**Information provided**

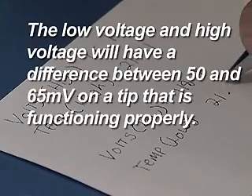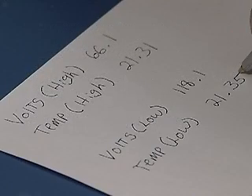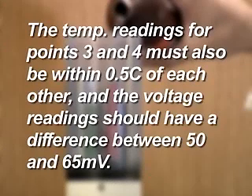The low voltage and high voltage will have a difference between 50 and 65 millivolts on a tip that is functioning properly. This gap will shrink as the sensor tip ages and becomes less sensitive. If it falls outside of the 50 to 65 millivolt range, it's time to replace the tip. If you're performing a three-point calibration, the third point is with the high standard at a temperature close to the expected water temperature. The temperature readings for points 3 and 4 must also be within 0.5 centigrade of each other, and the voltage readings should have a difference between 50 and 65 millivolts. The Ion sensor is now calibrated.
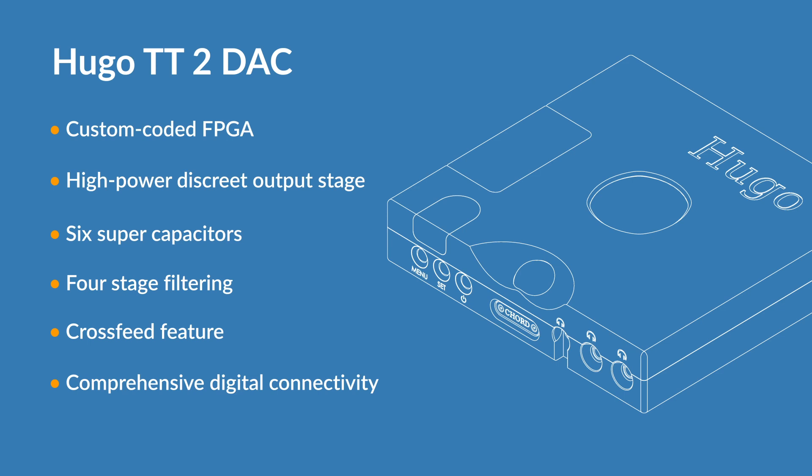capable of running advanced filters with 98,340 taps. A high power, discrete output stage for massively reduced distortion. Six super capacitors, capable of delivering huge linear dynamic currents when your music demands it.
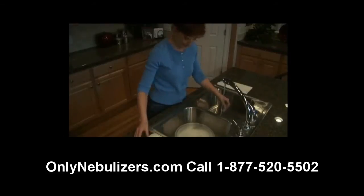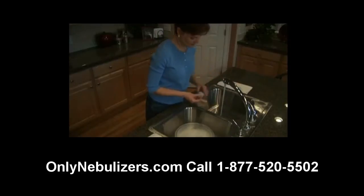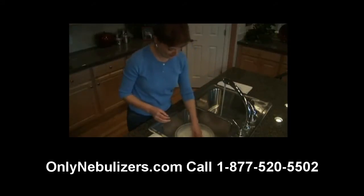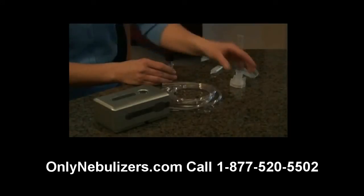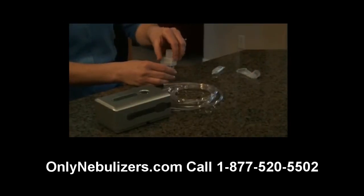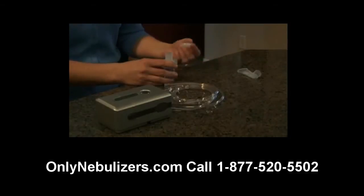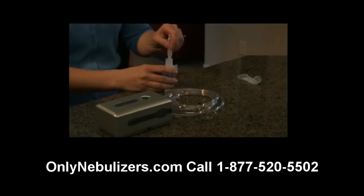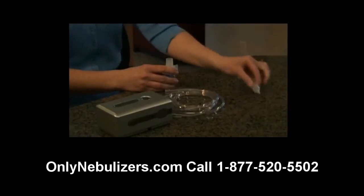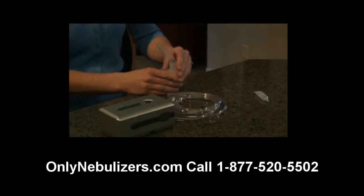Before you use your nebulizer for the first time, clean all parts by following the instructions provided later in this video. After washing your hands, insert the baffle into the nebulizer medication cup. While holding the cup, attach the nebulizer cap by turning clockwise. Next, add the prescribed dosage of medication into the nebulizer through the large opening in the top of the nebulizer cap and attach the mouthpiece to the cap by pushing gently straight down.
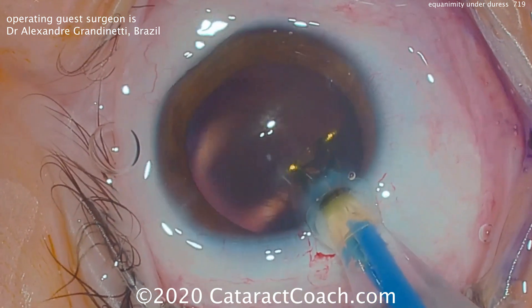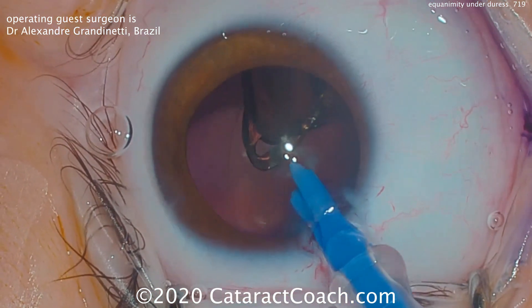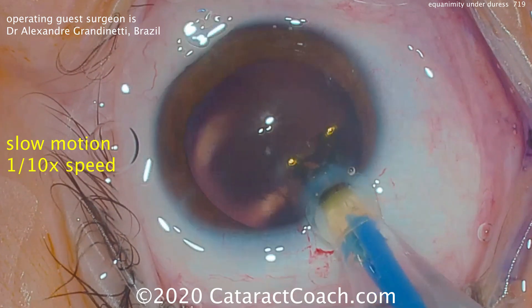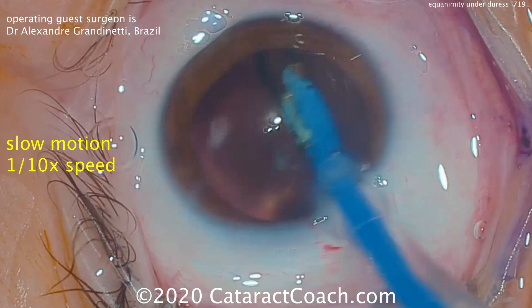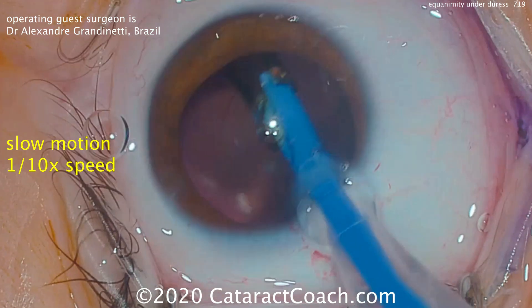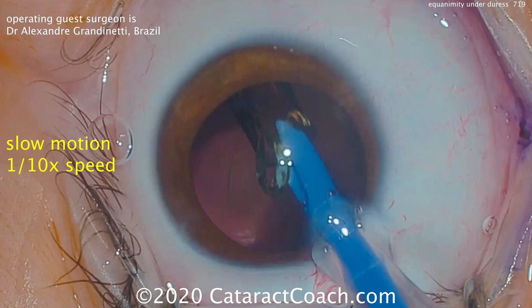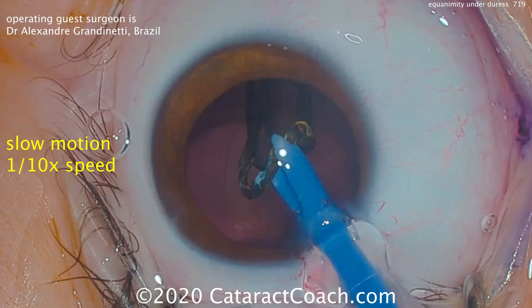The lens is delivered and pushing a little more — oh wow, what happened? Watch again at one-tenth normal speed. Due to lack of proper lubrication in the injector, it shoots out very forcefully, and the IOL just punctured the posterior capsule.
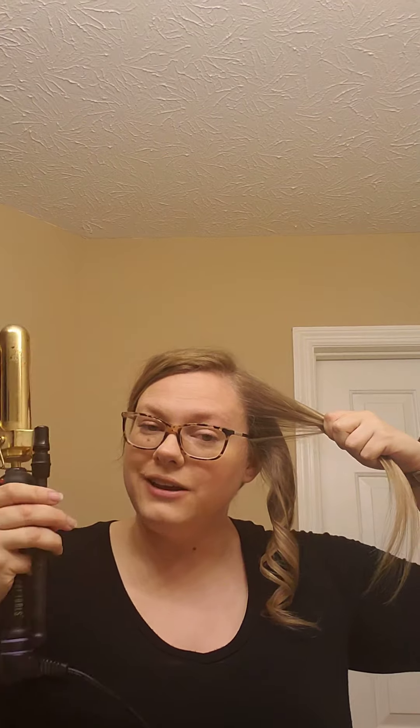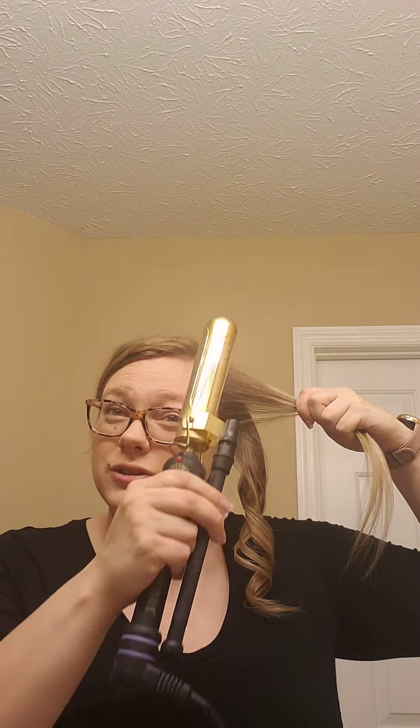You always want to curl away from your face. When curling throughout your head you can curl the hair in different directions — that creates a little bit more texture and movement — but once you're around the front area, curl it away from your face. It's the most flattering. It pulls the hair back off your face and opens your face up so everyone can see how beautiful you are.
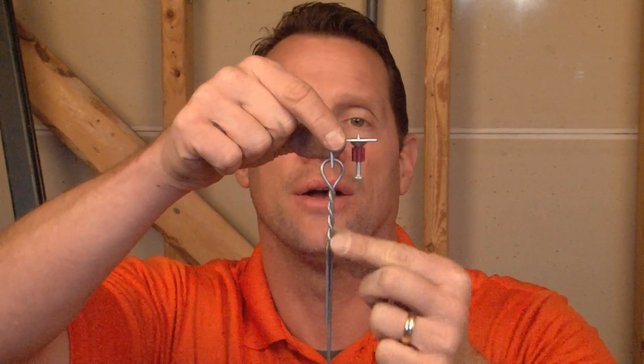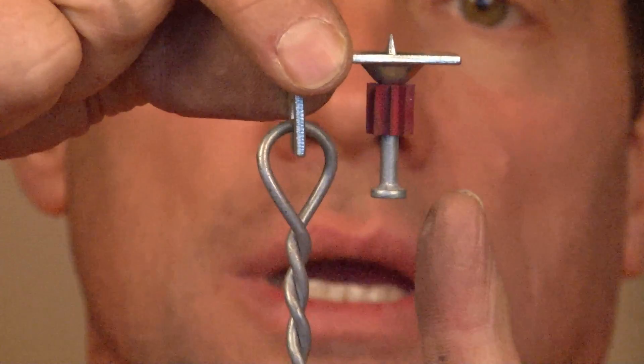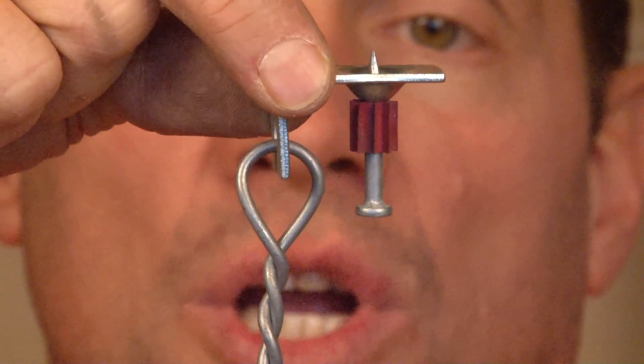Garvin Industries now manufactures ceiling grid tie wire, or as it's known in the trades, pencil rod. Pencil rod is a very flexible but sturdy wire that's twisted around a clip and a concrete nail so that it can be fired into ceiling structures using a powder actuated tool or gun.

**Task statement**
Restate every line of the data above word for word, with the images removed.

**Response to the task**
The low voltage and high voltage will have a difference between 50 and 65 millivolts on a tip that is functioning properly. This gap will shrink as the sensor tip ages and becomes less sensitive. If it falls outside of the 50 to 65 millivolt range, it's time to replace the tip. If you're performing a three-point calibration, the third point is with the high standard at a temperature close to the expected water temperature. The temperature readings for points 3 and 4 must also be within 0.5 centigrade of each other, and the voltage readings should have a difference between 50 and 65 millivolts. The Ion sensor is now calibrated.
capable of running advanced filters with 98,340 taps. A high power, discrete output stage for massively reduced distortion. Six super capacitors, capable of delivering huge linear dynamic currents when your music demands it.
Before you use your nebulizer for the first time, clean all parts by following the instructions provided later in this video. After washing your hands, insert the baffle into the nebulizer medication cup. While holding the cup, attach the nebulizer cap by turning clockwise. Next, add the prescribed dosage of medication into the nebulizer through the large opening in the top of the nebulizer cap and attach the mouthpiece to the cap by pushing gently straight down.
The lens is delivered and pushing a little more — oh wow, what happened? Watch again at one-tenth normal speed. Due to lack of proper lubrication in the injector, it shoots out very forcefully, and the IOL just punctured the posterior capsule.
You always want to curl away from your face. When curling throughout your head you can curl the hair in different directions — that creates a little bit more texture and movement — but once you're around the front area, curl it away from your face. It's the most flattering. It pulls the hair back off your face and opens your face up so everyone can see how beautiful you are.
Garvin Industries now manufactures ceiling grid tie wire, or as it's known in the trades, pencil rod. Pencil rod is a very flexible but sturdy wire that's twisted around a clip and a concrete nail so that it can be fired into ceiling structures using a powder actuated tool or gun.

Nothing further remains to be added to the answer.